I have often heard of people having those "A-Ha" moments and thought to myself, "What a bunch of crap!" But as I was driving that long commute to work early this morning, I actually had one.
Six days a weeks I drive 35 miles on I-75 to a small town where I work. At 5:30 in the morning, there isn't much traffic... usually just me and the truckers. Often my mind wanders as I listen to the radio or some CD. On this morning, I was thinking on how much I would like something... some material object that is out of my financial reach. When all of a sudden it hit me. I HAVE A GOOD LIFE!
That made me stop my wandering mind and actually focus on what I HAVE. I may not own my own home, but the apartment where I have lived for the past 10 years is nice. Small, yes, but just enough for me. The furnishings are quite lovely, and I am comfortable there. I keep it up (OCD won't let me do otherwise) and have had many compliments on it. I may not drive an expensive luxury car, but drive a newer Nissan that I really like. My job may not be in the field I choose, but it IS a job, and I have met some interesting people there. It pays well, and at times I actually enjoy being at work. I don't go hungry, all the bills are paid on time, I'm not in debt of any kind, and if there is something I want, I can usually obtain it. I may not be as thin or as in shape as I once was.... but for a woman pushing 45 I look damn good! My close friends are few, but they love me unconditionally and are always there for me.

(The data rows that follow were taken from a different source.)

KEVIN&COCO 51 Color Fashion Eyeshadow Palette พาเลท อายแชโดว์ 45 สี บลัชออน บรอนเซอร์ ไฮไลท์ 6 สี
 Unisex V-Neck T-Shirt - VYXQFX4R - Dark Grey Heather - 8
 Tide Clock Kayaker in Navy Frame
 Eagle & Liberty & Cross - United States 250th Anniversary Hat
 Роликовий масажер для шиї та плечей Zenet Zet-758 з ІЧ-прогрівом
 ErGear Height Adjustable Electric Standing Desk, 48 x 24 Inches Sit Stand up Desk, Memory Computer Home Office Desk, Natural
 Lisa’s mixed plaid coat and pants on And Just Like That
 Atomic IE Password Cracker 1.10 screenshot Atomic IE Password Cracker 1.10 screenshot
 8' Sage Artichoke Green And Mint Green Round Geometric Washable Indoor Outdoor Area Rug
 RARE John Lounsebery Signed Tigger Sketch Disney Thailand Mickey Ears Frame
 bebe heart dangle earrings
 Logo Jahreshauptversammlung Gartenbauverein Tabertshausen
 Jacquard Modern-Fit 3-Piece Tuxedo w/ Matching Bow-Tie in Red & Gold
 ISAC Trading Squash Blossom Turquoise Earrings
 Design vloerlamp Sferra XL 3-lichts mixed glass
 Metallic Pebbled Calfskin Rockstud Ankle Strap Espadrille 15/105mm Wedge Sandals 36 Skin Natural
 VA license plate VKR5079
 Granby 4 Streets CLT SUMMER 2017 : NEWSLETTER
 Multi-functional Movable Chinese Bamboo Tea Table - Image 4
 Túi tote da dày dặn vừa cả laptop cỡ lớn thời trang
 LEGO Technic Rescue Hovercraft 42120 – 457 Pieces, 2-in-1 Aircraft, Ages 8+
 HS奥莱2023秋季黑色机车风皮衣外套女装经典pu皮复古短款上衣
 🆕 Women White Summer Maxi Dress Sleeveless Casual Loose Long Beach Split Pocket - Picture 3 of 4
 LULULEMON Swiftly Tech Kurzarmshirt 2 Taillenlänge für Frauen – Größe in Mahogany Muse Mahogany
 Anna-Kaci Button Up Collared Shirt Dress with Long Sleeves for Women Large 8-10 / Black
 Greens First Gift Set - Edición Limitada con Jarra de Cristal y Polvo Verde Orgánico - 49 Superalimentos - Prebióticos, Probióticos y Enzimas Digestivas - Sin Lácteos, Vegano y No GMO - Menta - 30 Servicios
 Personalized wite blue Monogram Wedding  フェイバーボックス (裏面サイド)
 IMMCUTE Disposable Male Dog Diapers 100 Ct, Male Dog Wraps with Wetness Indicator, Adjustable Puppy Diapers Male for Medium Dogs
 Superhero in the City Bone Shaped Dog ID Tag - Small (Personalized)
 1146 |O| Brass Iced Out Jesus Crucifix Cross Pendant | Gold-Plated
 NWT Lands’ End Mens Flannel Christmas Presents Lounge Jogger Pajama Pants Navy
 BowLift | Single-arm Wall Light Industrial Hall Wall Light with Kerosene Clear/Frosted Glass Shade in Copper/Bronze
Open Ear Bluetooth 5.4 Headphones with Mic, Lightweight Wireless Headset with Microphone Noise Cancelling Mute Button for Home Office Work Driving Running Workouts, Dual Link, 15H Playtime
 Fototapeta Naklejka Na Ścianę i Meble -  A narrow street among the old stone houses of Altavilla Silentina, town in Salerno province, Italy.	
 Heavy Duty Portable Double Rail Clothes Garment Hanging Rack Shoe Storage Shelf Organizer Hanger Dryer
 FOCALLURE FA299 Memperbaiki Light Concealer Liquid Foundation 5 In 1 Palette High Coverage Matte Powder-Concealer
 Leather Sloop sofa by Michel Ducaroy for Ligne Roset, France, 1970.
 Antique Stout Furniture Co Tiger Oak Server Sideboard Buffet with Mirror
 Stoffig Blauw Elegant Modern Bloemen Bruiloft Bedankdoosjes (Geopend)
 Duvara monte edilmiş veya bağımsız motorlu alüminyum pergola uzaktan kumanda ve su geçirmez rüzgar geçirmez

Then I thought about those that have very little. How many of them could only wish to trade lives with me?
So now, when I'm a bit depressed for whatever reason, I will think about this. So what if I have gained a few pounds. So what if I can't afford to take that vacation to Italy. So what if I have to work two weeks straight without a day off. SO WHAT!! I HAVE!!
Now when I have to wake up at 3:30am to prepare for work, I will count my many blessings. And only hope that YOU will, too. Before you start to whine and cry over what you don't have, take a moment and reflect on what you DO have. There are many who could only wish to have it so good!